Mutation of the ATPase domain of MutS homolog-5 (MSH5) reveals a requirement for a functional MutSγ complex for all crossovers in mammalian meiosis

During meiosis, induction of DNA double strand breaks (DSB) leads to recombination between homologous chromosomes, resulting in crossovers (CO) and non-crossovers (NCO). Only 10% DSBs resolve as COs, mostly through a class I pathway dependent on MutS (MSH4/MSH5). Class II CO events represent a minor proportion of the total CO count and also arise from DSBs, but are not thought to involve MutS. However, loading of MutS occurs very early in prophase I at a frequency that far exceeds the final number of class I COs found in late prophase I. Moreover, loss of MutS in mouse results in apoptosis before CO formation, preventing analysis of its CO function. We generated a mutation in the ATP binding domain of Msh5 (Msh5GA). While this mutation was not expected to affect MutS complex formation, MutS foci do not accumulate during prophase I. Nevertheless, while some spermatocytes from Msh5-/- animals progress into pachynema, most spermatocytes from Msh5GA/GA mice progress to late pachynema and beyond.

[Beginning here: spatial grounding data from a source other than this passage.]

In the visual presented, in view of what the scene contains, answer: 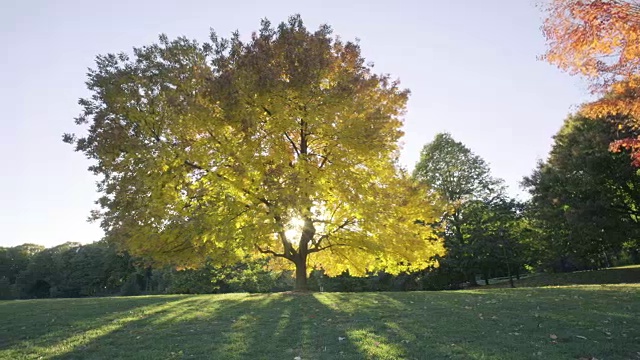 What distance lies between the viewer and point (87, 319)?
1138cm

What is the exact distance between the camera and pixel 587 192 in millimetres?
28375

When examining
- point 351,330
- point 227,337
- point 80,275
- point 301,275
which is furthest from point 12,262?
point 351,330

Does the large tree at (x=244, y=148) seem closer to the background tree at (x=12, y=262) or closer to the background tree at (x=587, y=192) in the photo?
the background tree at (x=587, y=192)

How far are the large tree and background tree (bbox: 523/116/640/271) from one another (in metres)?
18.1

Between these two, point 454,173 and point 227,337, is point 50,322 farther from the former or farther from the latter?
point 454,173

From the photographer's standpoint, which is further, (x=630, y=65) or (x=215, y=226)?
(x=215, y=226)

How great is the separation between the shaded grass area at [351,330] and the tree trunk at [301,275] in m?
4.71

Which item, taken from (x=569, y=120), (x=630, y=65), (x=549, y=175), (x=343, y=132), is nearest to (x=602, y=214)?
(x=549, y=175)

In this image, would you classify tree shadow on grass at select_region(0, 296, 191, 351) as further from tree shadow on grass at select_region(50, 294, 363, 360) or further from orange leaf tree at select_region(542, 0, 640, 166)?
orange leaf tree at select_region(542, 0, 640, 166)

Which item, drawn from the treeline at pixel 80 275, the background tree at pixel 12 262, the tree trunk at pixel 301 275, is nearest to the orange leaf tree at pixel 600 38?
the tree trunk at pixel 301 275

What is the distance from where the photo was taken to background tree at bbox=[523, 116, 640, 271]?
2733 centimetres

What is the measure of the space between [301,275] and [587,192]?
909 inches

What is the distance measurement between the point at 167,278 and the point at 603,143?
1728 inches

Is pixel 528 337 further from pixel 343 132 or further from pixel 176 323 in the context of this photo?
pixel 343 132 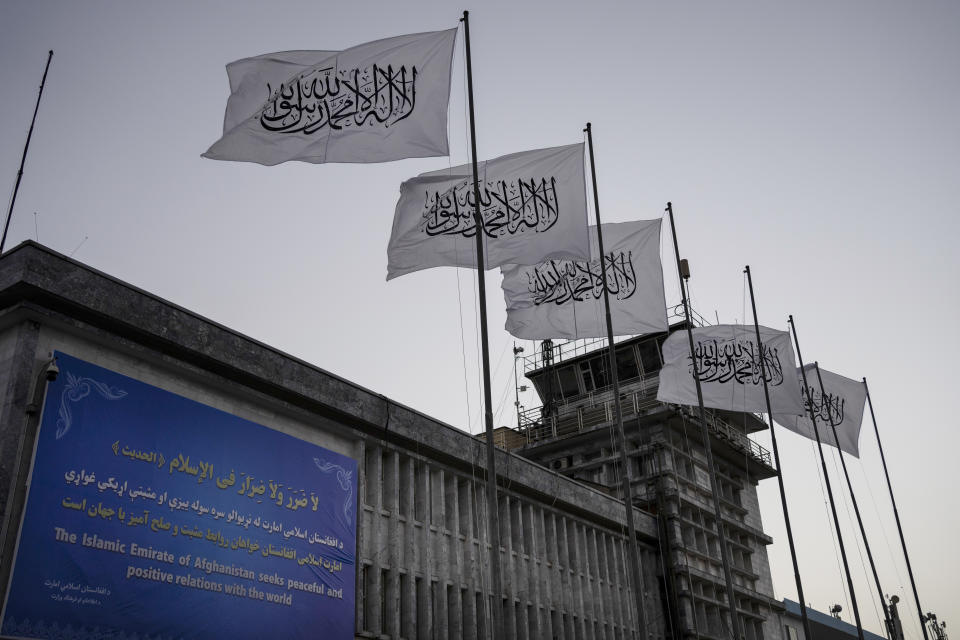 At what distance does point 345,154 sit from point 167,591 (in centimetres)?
Answer: 929

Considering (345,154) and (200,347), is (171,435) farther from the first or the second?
(345,154)

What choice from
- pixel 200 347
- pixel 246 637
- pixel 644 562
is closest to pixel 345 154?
pixel 200 347

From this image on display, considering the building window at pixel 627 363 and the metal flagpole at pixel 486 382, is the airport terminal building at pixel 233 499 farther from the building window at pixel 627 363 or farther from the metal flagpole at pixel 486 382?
the building window at pixel 627 363

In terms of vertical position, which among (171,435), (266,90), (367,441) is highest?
(266,90)

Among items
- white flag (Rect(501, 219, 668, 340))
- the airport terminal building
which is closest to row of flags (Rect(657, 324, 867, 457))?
white flag (Rect(501, 219, 668, 340))

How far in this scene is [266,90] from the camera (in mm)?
18859

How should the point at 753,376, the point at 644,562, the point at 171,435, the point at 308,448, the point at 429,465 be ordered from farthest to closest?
the point at 644,562 → the point at 753,376 → the point at 429,465 → the point at 308,448 → the point at 171,435

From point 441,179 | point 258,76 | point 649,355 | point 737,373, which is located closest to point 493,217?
point 441,179

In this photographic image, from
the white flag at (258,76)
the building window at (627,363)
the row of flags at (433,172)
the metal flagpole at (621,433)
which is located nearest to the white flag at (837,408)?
the building window at (627,363)

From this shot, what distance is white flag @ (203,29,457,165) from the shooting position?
1848 centimetres

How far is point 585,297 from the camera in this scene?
2555cm

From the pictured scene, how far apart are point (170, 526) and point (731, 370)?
18.8 metres

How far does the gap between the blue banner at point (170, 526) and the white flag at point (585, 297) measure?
713 cm

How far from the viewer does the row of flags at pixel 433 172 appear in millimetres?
18609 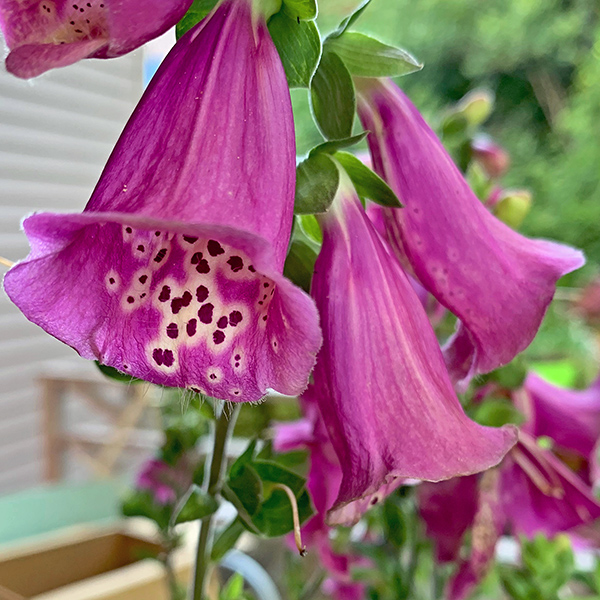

Some spermatocytes from Msh5GA/GA mice complete prophase I entirely, allowing for the first time an assessment of MSH5 function in CO formation. At pachynema, Msh5GA/GA spermatocytes show persistent DSBs, incomplete homolog pairing, and fail to accumulate MutL (MLH1/MLH3). Unexpectedly, Msh5GA/GA diakinesis-staged spermatocytes have no chiasmata at all from any CO pathway, indicating that a functional MutS complex in early prophase I is a pre-requisite for all COs.